ILM(インダストリアル・ライト・アンド・マジック)

昨日、NHKで「ハリウッド 映像王国の挑戦 -「スター・ウォーズ」とILMの40年-」という番組をやっていました。
以前も書きましたが、昔、仕事でCGの制作を行っていた時があり、とても興味深く視ました。

31歳のジョージ・ルーカススター・ウォーズスターウォーズを制作するにあたって、その映像を作れる特撮会社は世界中のどこにも存在しなかったそうで・・・しかたなく、ハリウッドの片隅の倉庫を改造して、若手の技術者を集めて作ったのがILM(インダストリアル・ライト・アンド・マジック)だそうです。

ジョージ・ルーカスは、彼らに第二次世界大戦の空中戦の映像などを見せて、模型で再現できないか?と要望したそうで・・・これに対して、彼らが開発したのが、現在の映像撮影ではなくてはならない、コンピュータで動きを操作するモーション・コントロール・カメラだそうです。

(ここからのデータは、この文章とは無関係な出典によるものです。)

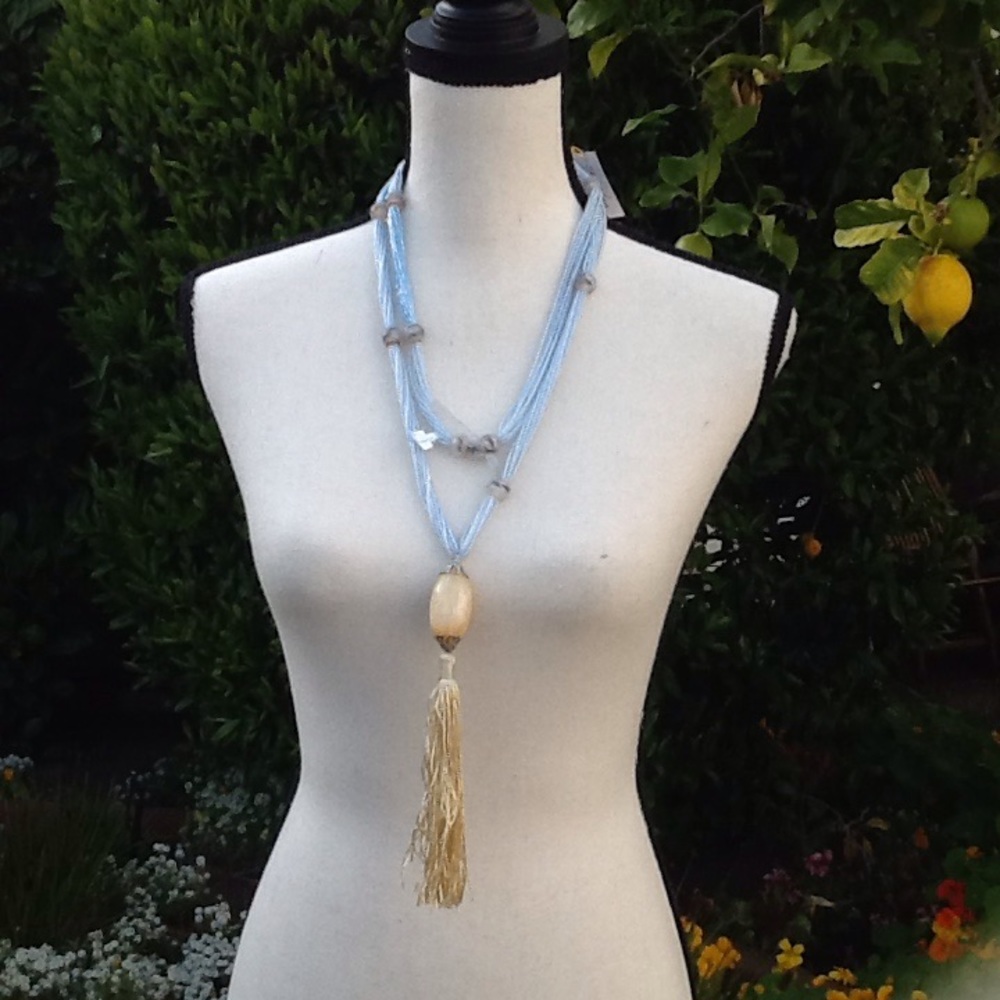 Harry N. Sky Blue Beaded Tassle Necklace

また、人形のコマ撮り撮影も、静止したものを撮影するとカクカクした動きになってしまうので、動かしながらコマ撮り撮影をするゴー・モーションという手法を編み出したそうです。

そして、CGについては、ジュラシックパークの恐竜の様に骨格に筋肉をつけるようにして、生き物を再現できるようになったそうです。

その結果、このような新たな映像技術の追求によって、ILMはアカデミー賞を44回も受賞したということです。

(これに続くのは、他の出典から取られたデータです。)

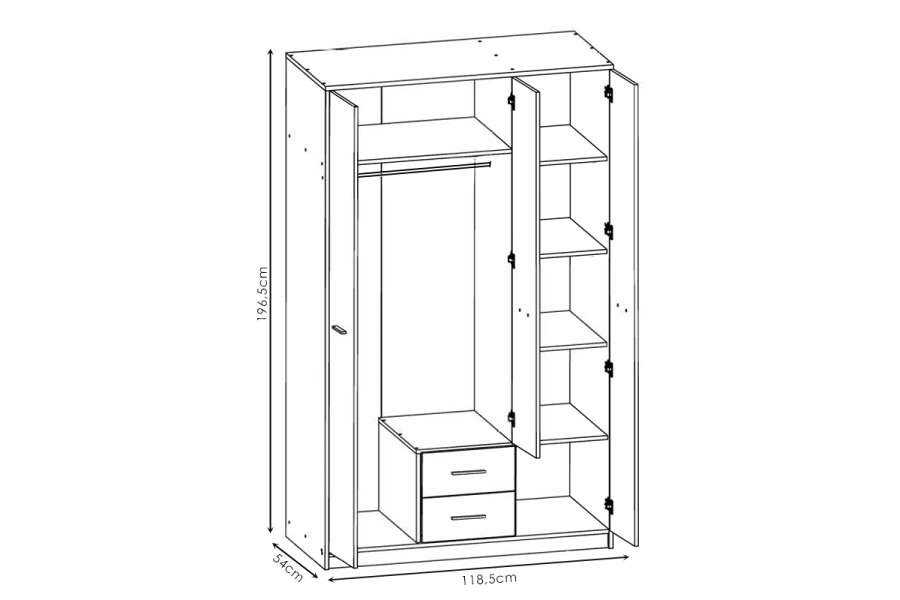 Ντουλάπα ρούχων Serenity pakoworld τρίφυλλη sonoma-λευκό 118.5x54x196.5εκ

私が、初めてILMのメンバーの講演を聞いたのは、1991年のSIGGRAPHで、丁度「ターミネータ2」を製作途中だった彼らは、いかに生の映像とCGを違和感なく合成するか?という事を、強調していたのを憶えています。

その後、NICOGRAPHで来日したILMのメンバーによる講演では、丁度「ジェラシックパーク」の製作途中で、いかにCGで作った恐竜を生きているように見せるか?という事を強調していました。
なんでも、動物園の動物の動きとかを参考にして、例えば、逃げるときは群れである方向に逃げていたのが、一頭だけ急に向きを変えて反対方向に逃げる、なんてことを取り入れたと言っていました。
可笑しかったのは、CGクリエーター達が、恐竜の動きを真似していたとき、一人が木に躓いて転んだのも、CGの恐竜の動きに取り入れたそうです。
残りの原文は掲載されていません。